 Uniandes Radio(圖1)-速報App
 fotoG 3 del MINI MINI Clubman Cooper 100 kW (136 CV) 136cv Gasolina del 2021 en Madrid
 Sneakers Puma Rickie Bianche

...

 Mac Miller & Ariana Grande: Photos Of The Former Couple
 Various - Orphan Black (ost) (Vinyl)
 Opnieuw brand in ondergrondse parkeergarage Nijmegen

* * *

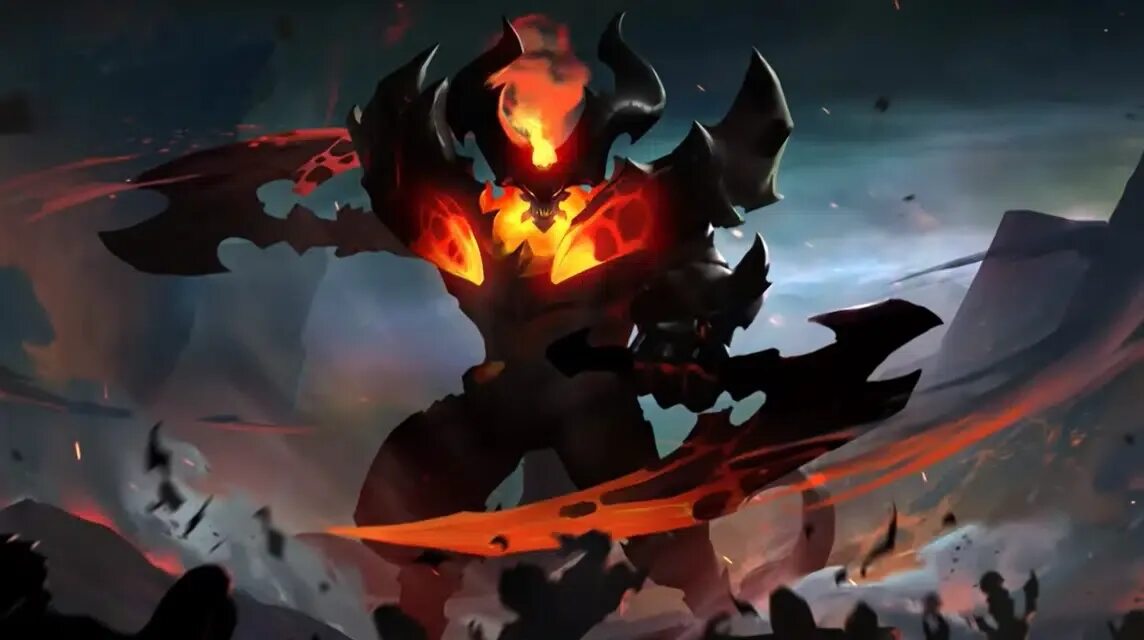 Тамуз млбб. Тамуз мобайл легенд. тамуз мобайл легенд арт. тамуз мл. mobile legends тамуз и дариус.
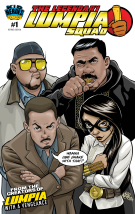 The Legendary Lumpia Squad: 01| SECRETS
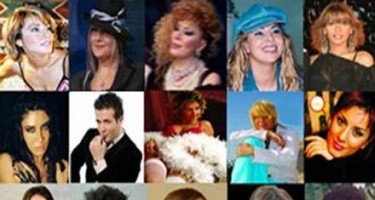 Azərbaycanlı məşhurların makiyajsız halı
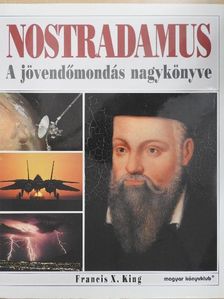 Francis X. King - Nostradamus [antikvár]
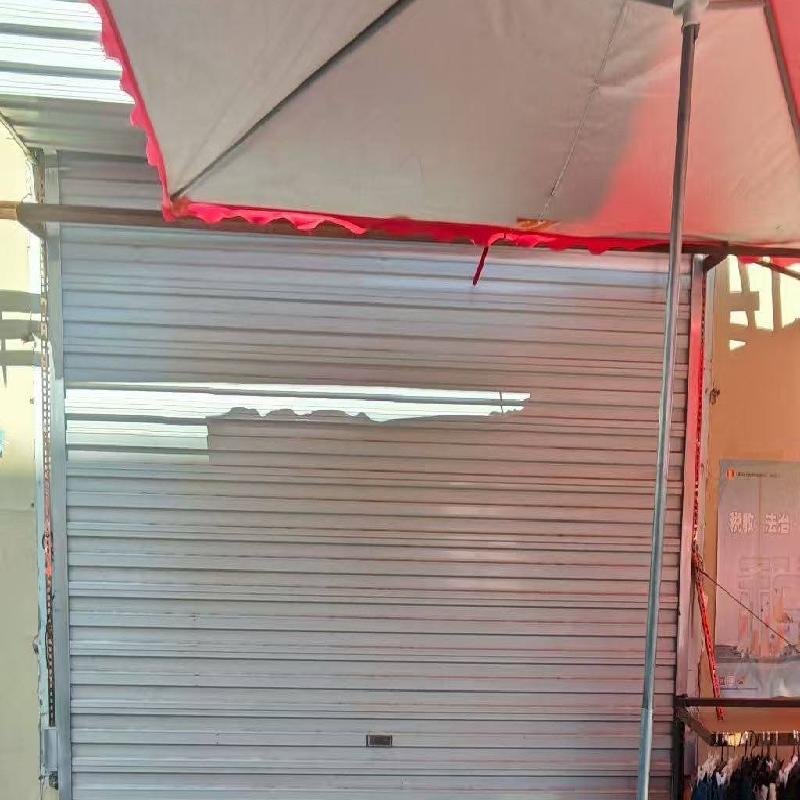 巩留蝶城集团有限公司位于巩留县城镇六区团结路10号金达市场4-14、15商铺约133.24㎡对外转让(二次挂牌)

# [Task instructions]
The exact lines of the material above starting at the one that contains "Uniandes Radio(圖1)-速報App" and ending at the one that contains "Sneakers Puma Rickie Bianche" are what to retype; leave out everything else.

# [Exercise result]
 Uniandes Radio(圖1)-速報App
 fotoG 3 del MINI MINI Clubman Cooper 100 kW (136 CV) 136cv Gasolina del 2021 en Madrid
 Sneakers Puma Rickie Bianche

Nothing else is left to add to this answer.